As you know ESXTOP is an utility bundled with ESXi allowing to monitor/troubleshoot performance of network, CPU or storage. This post is about storage performance troubleshooting with ESXTOP.
Se will focus on storage as many times the storage is the main problem of latency. A weakest performance element in the whole chain. VMs performs slowly, but where the latency comes from? Is it at the VM level, LUN level or Disk level (hba).
While ESXTOP is command line utility, note that there is a nice free tool which has GUI, from VMware called Visual ESXTOP. It integrates into vSphere web client. Note that I have not personaly tested the tool with the latest vSphere 6.0 U1 release.
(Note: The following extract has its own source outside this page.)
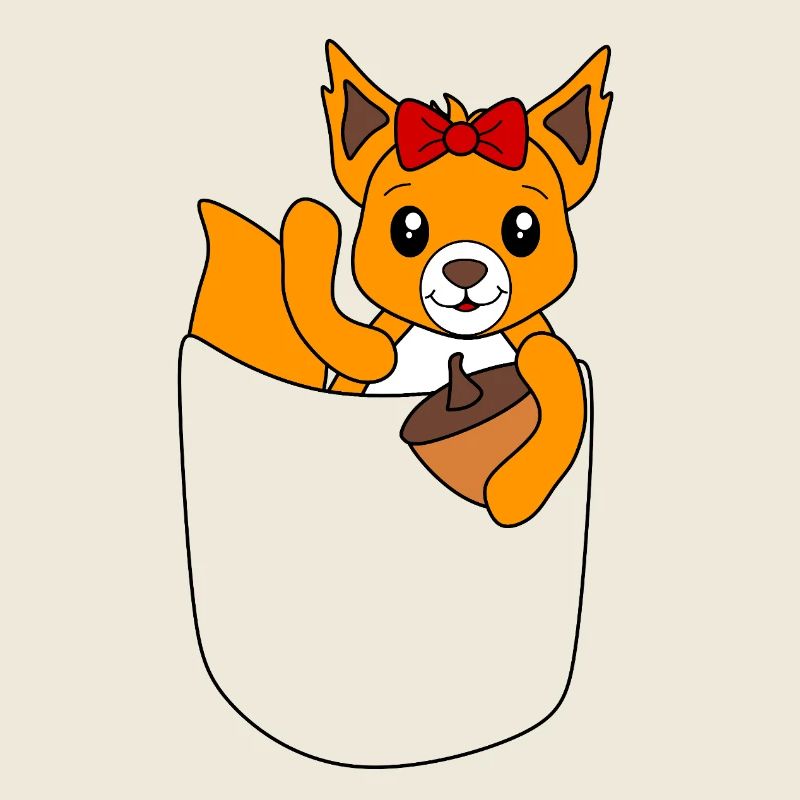 fröhliches Eichhörnchen winkt aus Brusttasche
What to monitor/troubleshoot?
- Per LUN
- Per VM
- per Disk (HBA mode)
Let's monitor a LUN with ESXTOP
1. Start ESXTOP and press U to switch to disk view (LUN mode).
2. Press F (Field Order) to modify fields which you want to display. Then hit Enter to validate.
3. Press S and then 3 (or other smaller/bigger value) to set the auto-update time to every 3 seconds…. In order to view the whole device name (the complete naa identifier) you'll have to enlarge the column pres Shift + L and enter “32”. (or other larger number).
Let's try to monitor Disk View (hba mode).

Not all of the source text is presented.